Re: [PATCH] Convert emailing part of hooks--update to hooks--post-receive

Junio C Hamano <junkio@xxxxxxx> · Sat, 24 Mar 2007 05:43:24 -0700

Andy Parkins <andyparkins@xxxxxxxxx> writes:

>  git rev-parse --not --all | grep -v $(<$refname) |
>  git rev-list --pretty --stdin $newrev --not $baserev
>
> This uses git-rev-parse followed by grep to filter out the revision of
> the ref in question before it gets to rev-list and inhibits the output
> of itself.  By using $(<$refname) rather than $newrev as the filter, it
> also takes care of the situation where another update to the same ref
> has been made since $refname was $newrev.

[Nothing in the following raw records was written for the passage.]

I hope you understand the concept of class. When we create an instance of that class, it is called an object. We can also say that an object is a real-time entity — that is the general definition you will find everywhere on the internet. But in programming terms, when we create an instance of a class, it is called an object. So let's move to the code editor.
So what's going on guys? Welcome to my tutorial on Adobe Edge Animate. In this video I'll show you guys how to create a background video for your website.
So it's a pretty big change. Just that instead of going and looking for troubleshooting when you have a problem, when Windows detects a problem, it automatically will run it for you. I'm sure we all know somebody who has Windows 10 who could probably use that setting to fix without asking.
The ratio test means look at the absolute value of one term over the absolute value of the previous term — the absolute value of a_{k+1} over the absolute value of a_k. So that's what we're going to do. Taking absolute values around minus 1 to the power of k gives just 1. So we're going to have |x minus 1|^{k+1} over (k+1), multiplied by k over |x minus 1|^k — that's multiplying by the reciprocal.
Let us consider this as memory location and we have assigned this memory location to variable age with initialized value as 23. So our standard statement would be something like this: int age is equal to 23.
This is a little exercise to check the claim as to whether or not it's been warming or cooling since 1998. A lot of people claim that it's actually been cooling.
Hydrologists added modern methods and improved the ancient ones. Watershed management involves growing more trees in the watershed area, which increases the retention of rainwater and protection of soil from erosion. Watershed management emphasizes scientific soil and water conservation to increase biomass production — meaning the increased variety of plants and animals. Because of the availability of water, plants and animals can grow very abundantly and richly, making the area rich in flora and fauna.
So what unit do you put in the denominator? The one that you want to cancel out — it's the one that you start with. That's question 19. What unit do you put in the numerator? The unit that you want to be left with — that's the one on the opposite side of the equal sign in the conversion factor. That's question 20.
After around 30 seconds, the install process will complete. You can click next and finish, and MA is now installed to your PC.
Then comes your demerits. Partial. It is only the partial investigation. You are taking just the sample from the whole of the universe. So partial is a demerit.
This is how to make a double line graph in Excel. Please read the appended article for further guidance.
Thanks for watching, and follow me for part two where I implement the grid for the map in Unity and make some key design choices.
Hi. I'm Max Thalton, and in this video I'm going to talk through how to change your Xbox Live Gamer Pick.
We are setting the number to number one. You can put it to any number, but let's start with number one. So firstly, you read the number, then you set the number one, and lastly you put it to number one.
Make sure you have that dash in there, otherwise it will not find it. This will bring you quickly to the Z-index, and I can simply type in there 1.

Is $(<$refname) even POSIX?  Are we sure $refname is always a
file (not a packed ref)?

If the other push updates the same ref you are filtering out,
that would make "grep -v" to remove it from the exclusion set,
which is a neat trick.  However, wouldn't that cause the
rev-list to report the effect of the other push, and not your
push?  I am wondering if the mail would say "Alice pushed and
this branch has these commits as the result" and ends up
including Bob's commits in it when that happens.

>  * All uses of "git-command" changed to "git command", to cope better
>    if a user decided not to install all the hard links to git;

I think that is a good discipline in general, but I wonder if it
is strictly necessary.  Doesn't hook already get invoked with
environment that has GIT_EXEC_PATH at the beginning of the PATH?

> +generate_email()
> +{
> ...
> +		refs/remotes/*,commit)
> +			# tracking branch
> +			refname_type="tracking branch"
> +			short_refname=${refname##refs/remotes/}
> +			echo "*** Push-update of tracking branch, $refname"
> +			echo "***  - no email generated." >&2

Huh?  Did you mean to send the first one also to stderr?

> +			exit 0
> +			;;
> +		*)
> +			# Anything else (is there anything else?)
> +			echo "*** Unknown type of update to $refname ($rev_type)" >&2
> +			echo "***  - no email generated"

Huh?  Did you mean to send the second one also to stderr?

It usually is easier to spot this kind of gotchas if you
consistently write like this instead:

	echo >&2 "your message comes here..."
	echo >&2 "... and the second line is here"

> +			exit 1
> +			;;
> +	esac
> +
> +	# Check if we've got anyone to send to
> +	if [ -z "$recipients" ]; then
> +		echo "*** hooks.recipients is not set so no email will be sent" >&2
> +		echo "*** for $refname update $oldrev->$newrev" >&2
> +		exit 0
> +	fi
> +
> +	# Email parameters
> +	# The committer will be obtained from the latest existing rev; so
> +	# for a deletion it will be the oldrev, for the others, then newrev
> +	committer=$(git show --pretty=full -s $rev | grep "^Commit: " | sed -e "s/^Commit: //")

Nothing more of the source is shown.